StepsEditing a Web robot

  1. Click Document Management. The Document Stores Summary page appears.

  2. Click Web Robots. The Web Robots page appears.

  3. Select the Web robot you want to edit. The Web Robot Information page appears, displaying the details of the selected Web robot.

  4. Click Edit. The Edit Web Robot page appears. You can change the information in all the fields except Web Robot Manager and Passive Document Store Manager.

  5. Make the required changes and click Update. Sybase Search saves the changes and returns you to the Web Robot Information page.

StepsRemoving a Web robot

  1. Click Document Management. The Document Stores Summary page appears.

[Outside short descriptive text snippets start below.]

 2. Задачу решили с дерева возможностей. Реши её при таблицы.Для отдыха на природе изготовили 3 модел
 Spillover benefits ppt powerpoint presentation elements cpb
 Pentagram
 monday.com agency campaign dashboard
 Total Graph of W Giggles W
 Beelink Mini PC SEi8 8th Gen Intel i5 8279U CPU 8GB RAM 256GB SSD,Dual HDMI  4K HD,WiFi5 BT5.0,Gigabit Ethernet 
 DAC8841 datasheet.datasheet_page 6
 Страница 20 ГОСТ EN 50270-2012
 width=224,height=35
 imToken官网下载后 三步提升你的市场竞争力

  2. Click Web Robots. The Web Robots page appears.

  3. Select the Web robot you want to remove. The Web Robot Information page appears, displaying the details of the selected Web robot.

  4. Click Remove. You are prompted to confirm whether you want to remove the selected Web robot.

  5. Click OK. Sybase Search removes the Web robot and the associated passive document store and returns you to the Web Robots page.